Your copy should repeat each record below exactly and contain no images.
⁂
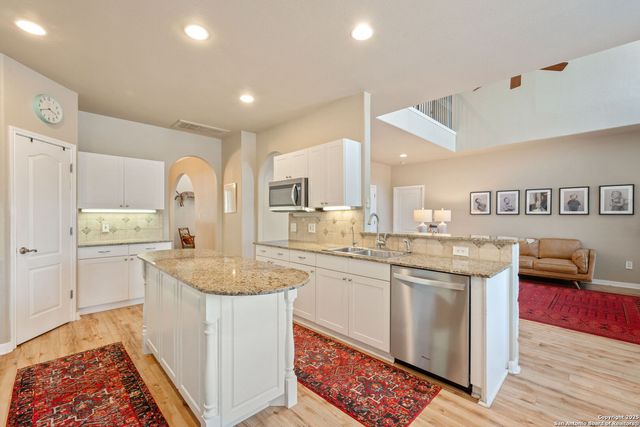 102 Kendall View Dr, Boerne, TX 78006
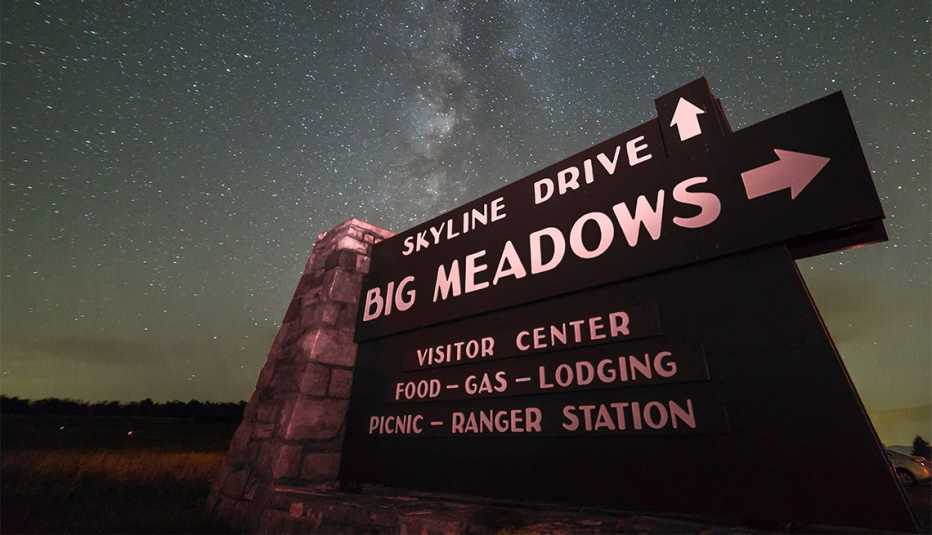 Letrero anuncia en inglés Skyline Drive y Big Meadowns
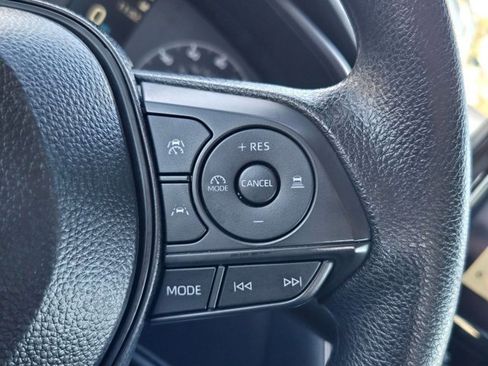 Used 2025 Toyota Corolla LE image 41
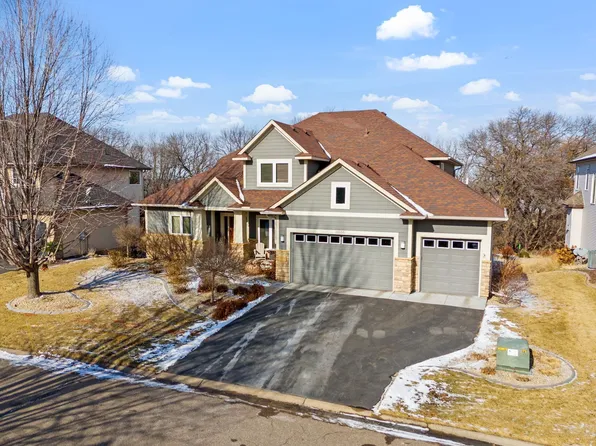 10550 McCool Ct, Burnsville, MN 55337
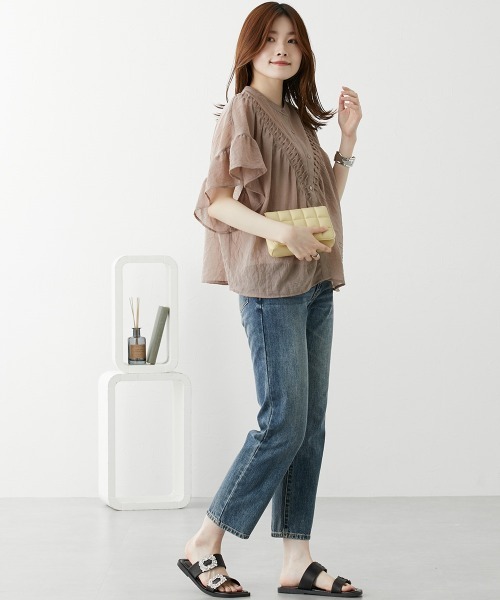 nissen(ニッセン)の「バンドカラー フリル袖V字切替ブラウス(シャツ/ブラウス・レディース・ブラック/オフホワイト・M/L)」の9枚目の写真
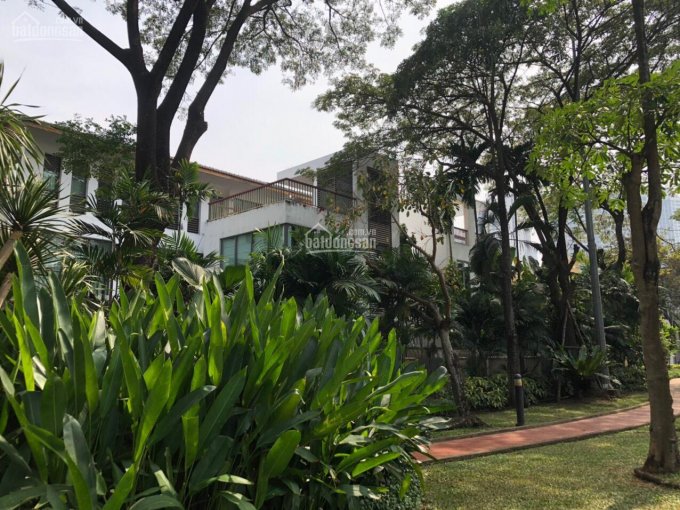 BT cao cấp cho thuê khu Villa Riviera, An Phú, q.2. DT: 641.6m2 giá ~ 161tr/tháng, LH 0903652452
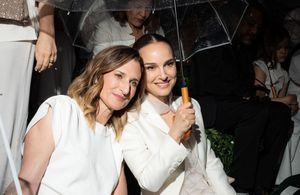 Natalie Portman, Camille Cottin, Deva Cassel … le front row immaculé du défilé Dior Croisière 2026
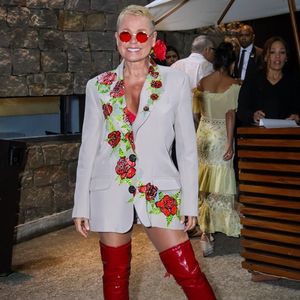 Xuxa afirma que pretende continuar usando sua visibilidade para defender causas nas quais acredita profundamente.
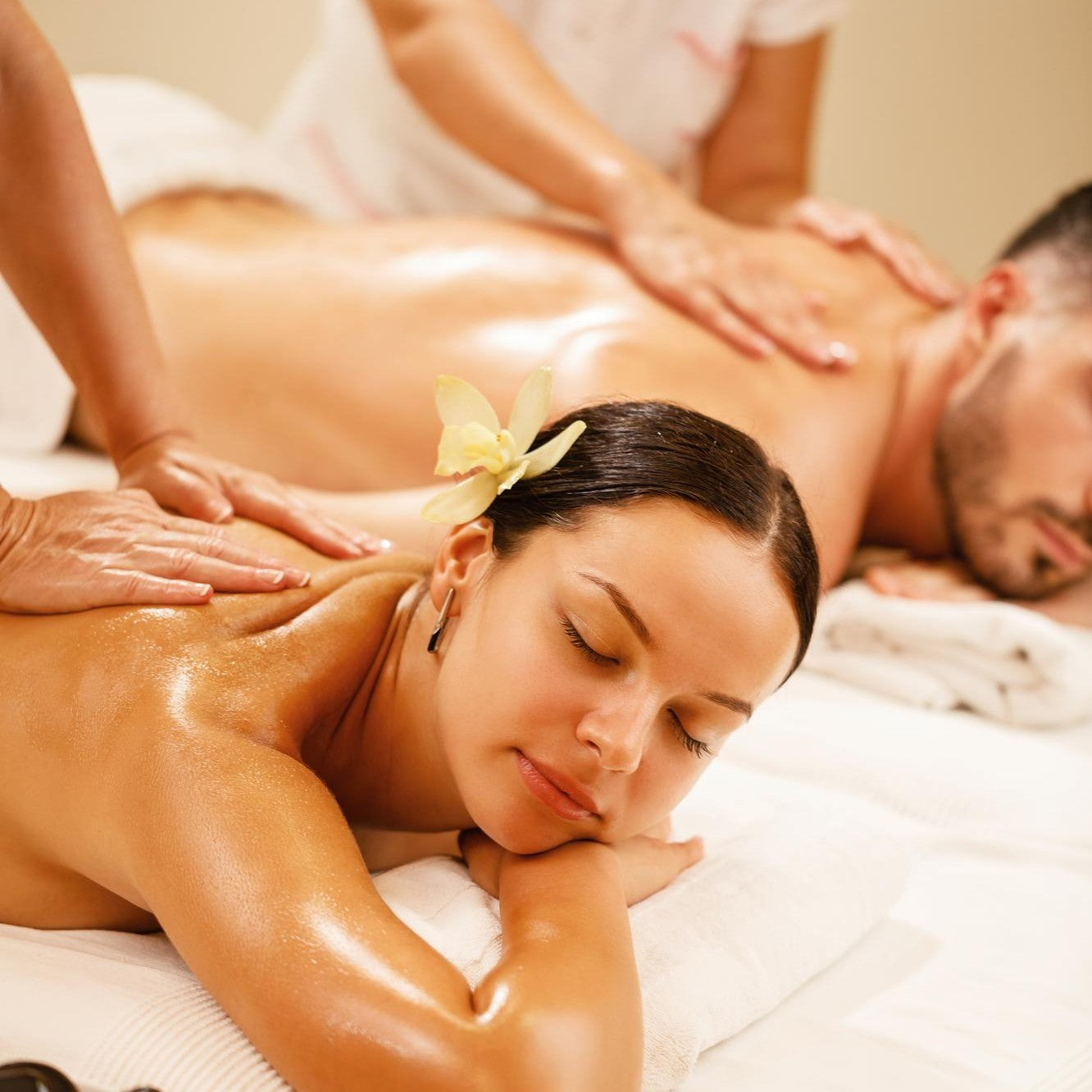 Paradise Duo — Couple Day Pass + Side-by-Side Massage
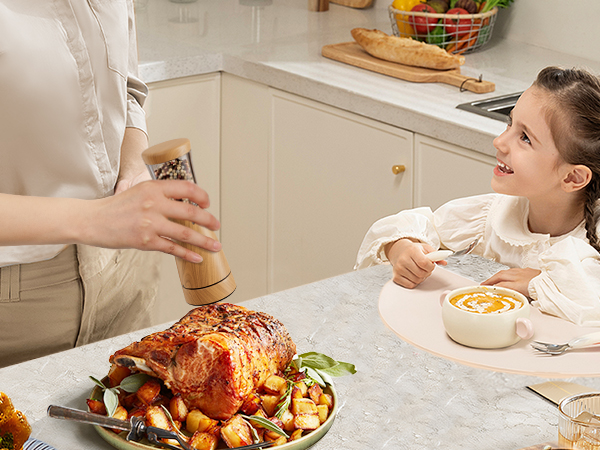 electric salt and pepper grinder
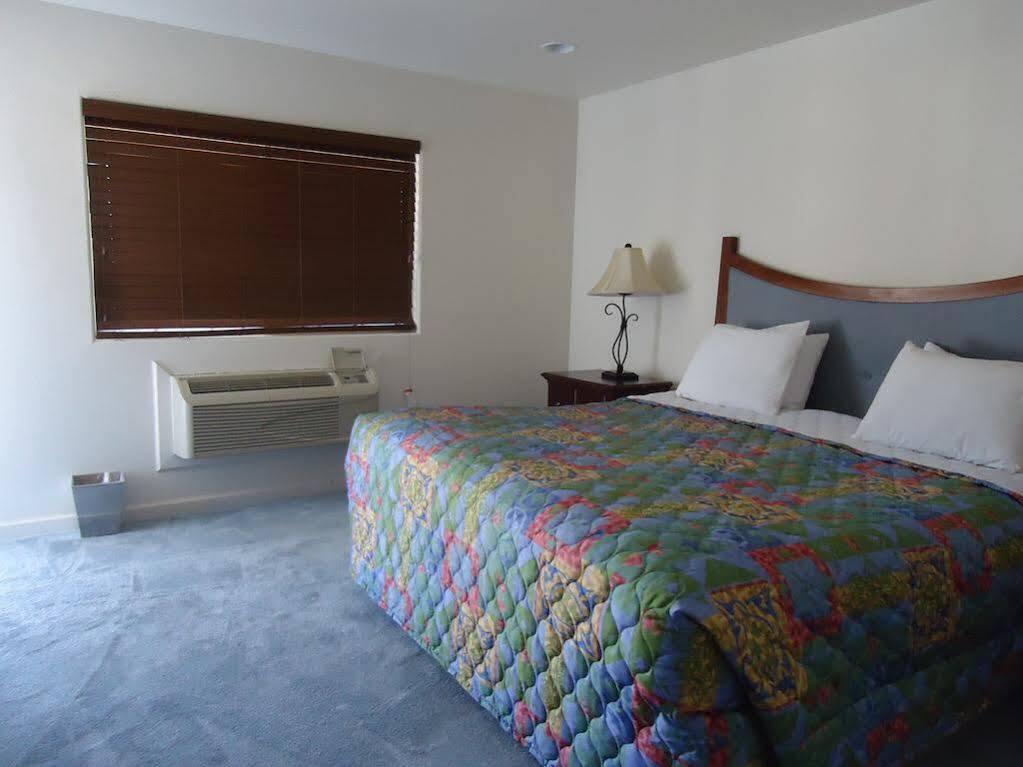 River Valley Inn Нийдълс Екстериор снимка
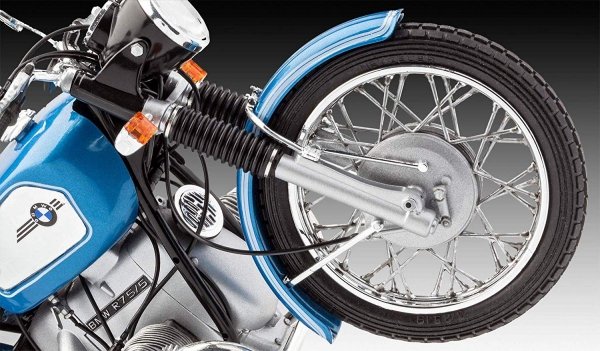 Revell 07938 BMW R75/5 (1:8)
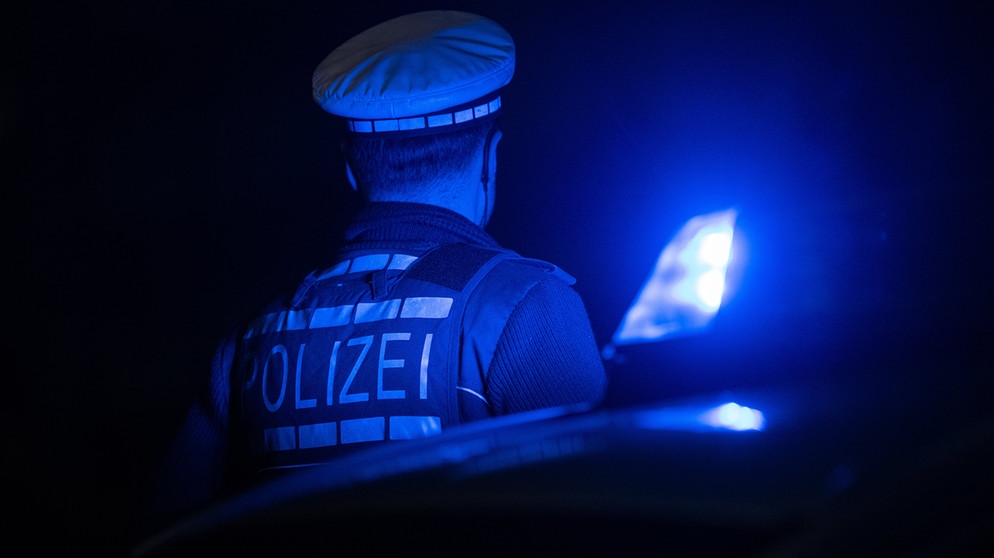 Polizei - Symbolbild | Bildquelle: dpa-Bildfunk/Marijan Murat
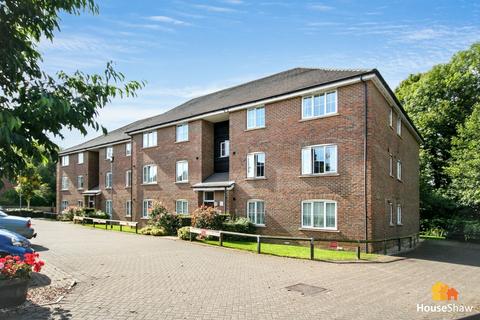 2 bedroom flat for sale, Waterside, Lordsmill Court Waterside, HP5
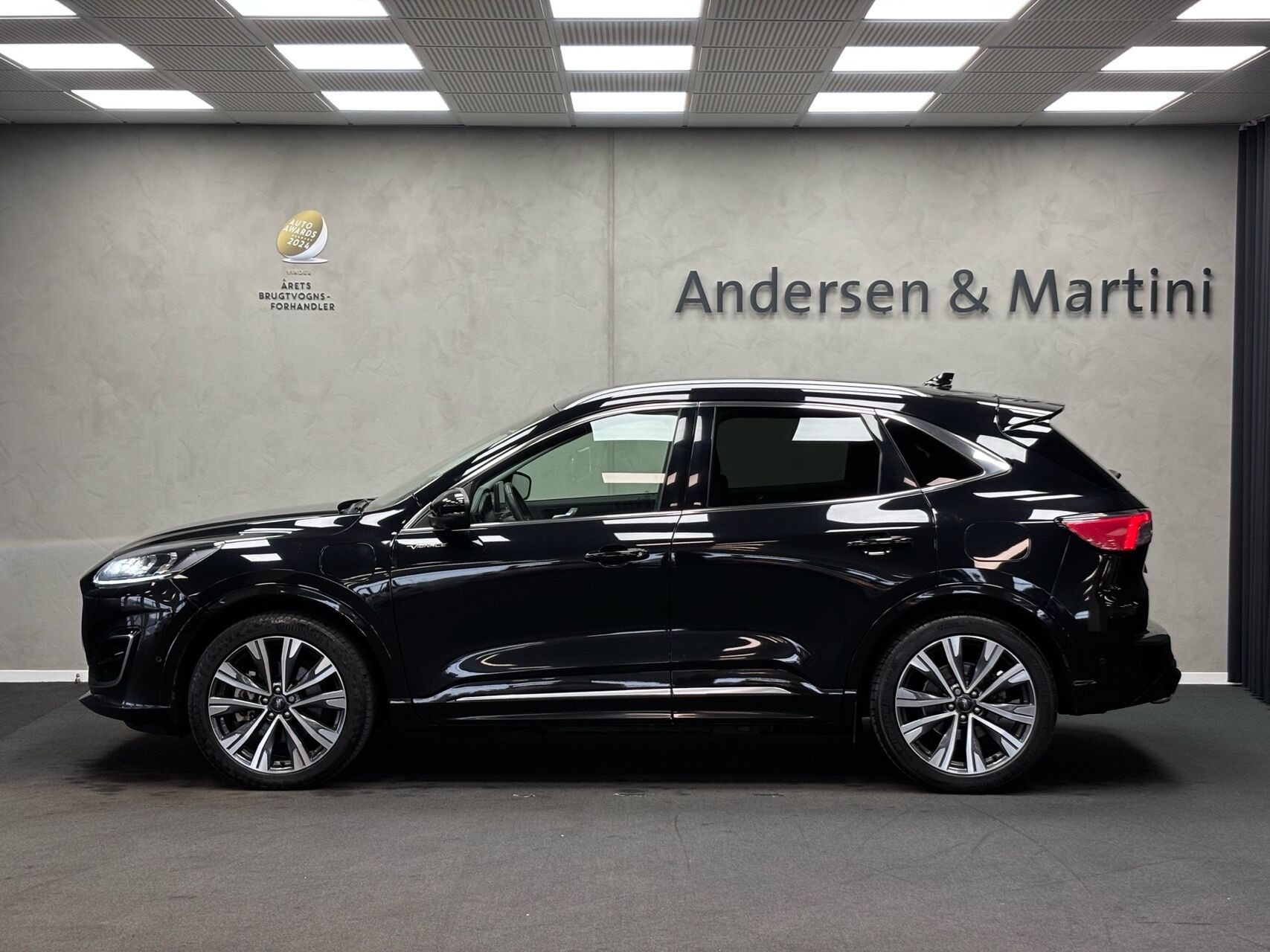 Sort Ford Kuga fra 2021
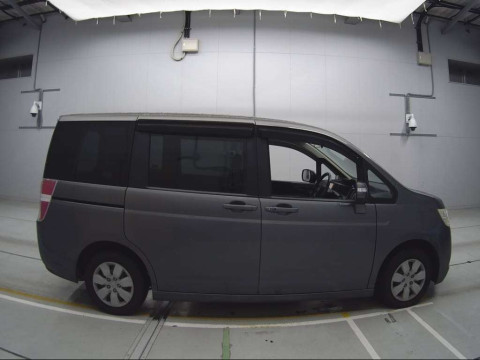 2012 Honda Step WGN RK1[2]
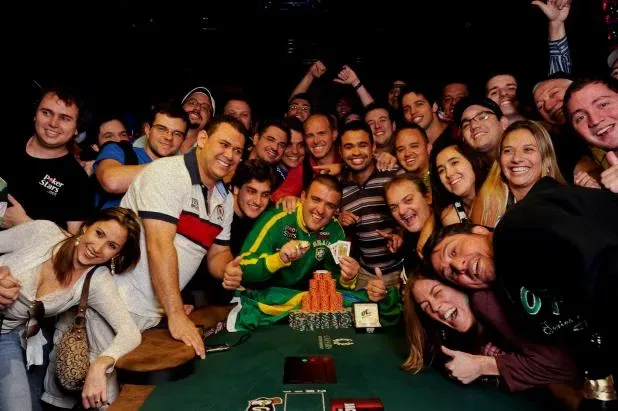 德州扑克线上聚会哪里找:2011年WSOP:安德烈·阿卡里夺冠,赛事回顾与统计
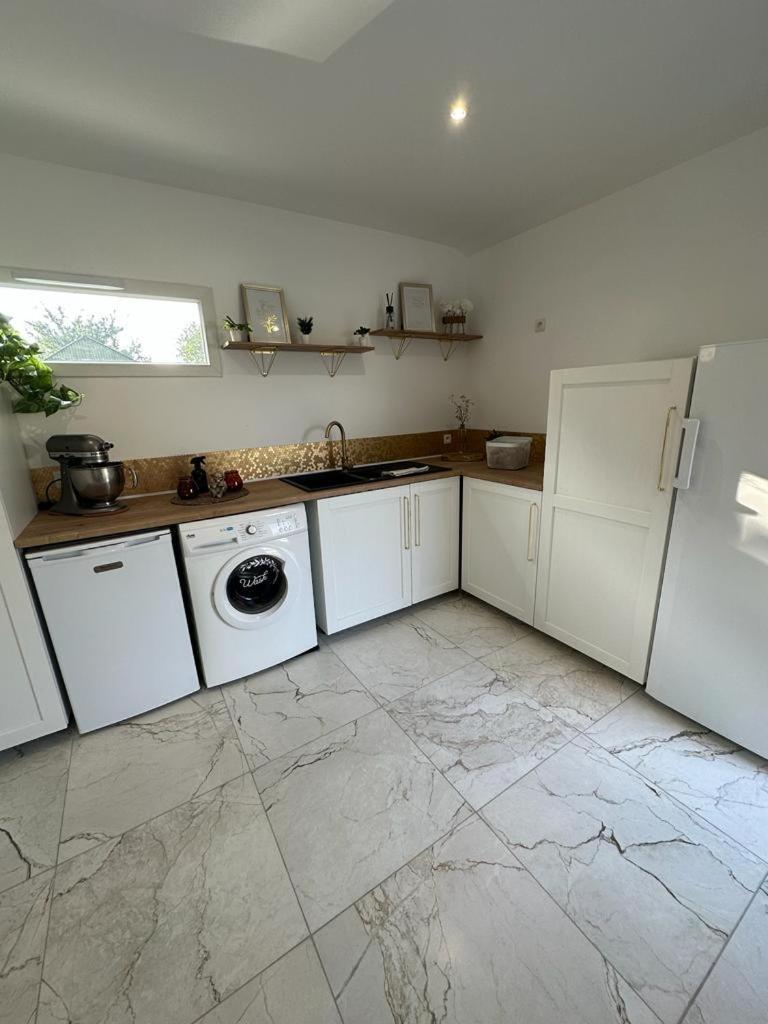 Ferienwohnung Chez Valentin Surzur Exterior foto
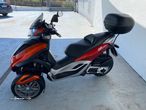 Piaggio MP3 - 2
⁂
* Expected answer:
 102 Kendall View Dr, Boerne, TX 78006
 Letrero anuncia en inglés Skyline Drive y Big Meadowns
 Used 2025 Toyota Corolla LE image 41
 10550 McCool Ct, Burnsville, MN 55337
 nissen(ニッセン)の「バンドカラー フリル袖V字切替ブラウス(シャツ/ブラウス・レディース・ブラック/オフホワイト・M/L)」の9枚目の写真
 BT cao cấp cho thuê khu Villa Riviera, An Phú, q.2. DT: 641.6m2 giá ~ 161tr/tháng, LH 0903652452
 Natalie Portman, Camille Cottin, Deva Cassel … le front row immaculé du défilé Dior Croisière 2026
 Xuxa afirma que pretende continuar usando sua visibilidade para defender causas nas quais acredita profundamente.
 Paradise Duo — Couple Day Pass + Side-by-Side Massage
 electric salt and pepper grinder
 River Valley Inn Нийдълс Екстериор снимка
 Revell 07938 BMW R75/5 (1:8)
 Polizei - Symbolbild | Bildquelle: dpa-Bildfunk/Marijan Murat
 2 bedroom flat for sale, Waterside, Lordsmill Court Waterside, HP5
 Sort Ford Kuga fra 2021
 2012 Honda Step WGN RK1[2]
 德州扑克线上聚会哪里找:2011年WSOP:安德烈·阿卡里夺冠,赛事回顾与统计
 Ferienwohnung Chez Valentin Surzur Exterior foto
 Piaggio MP3 - 2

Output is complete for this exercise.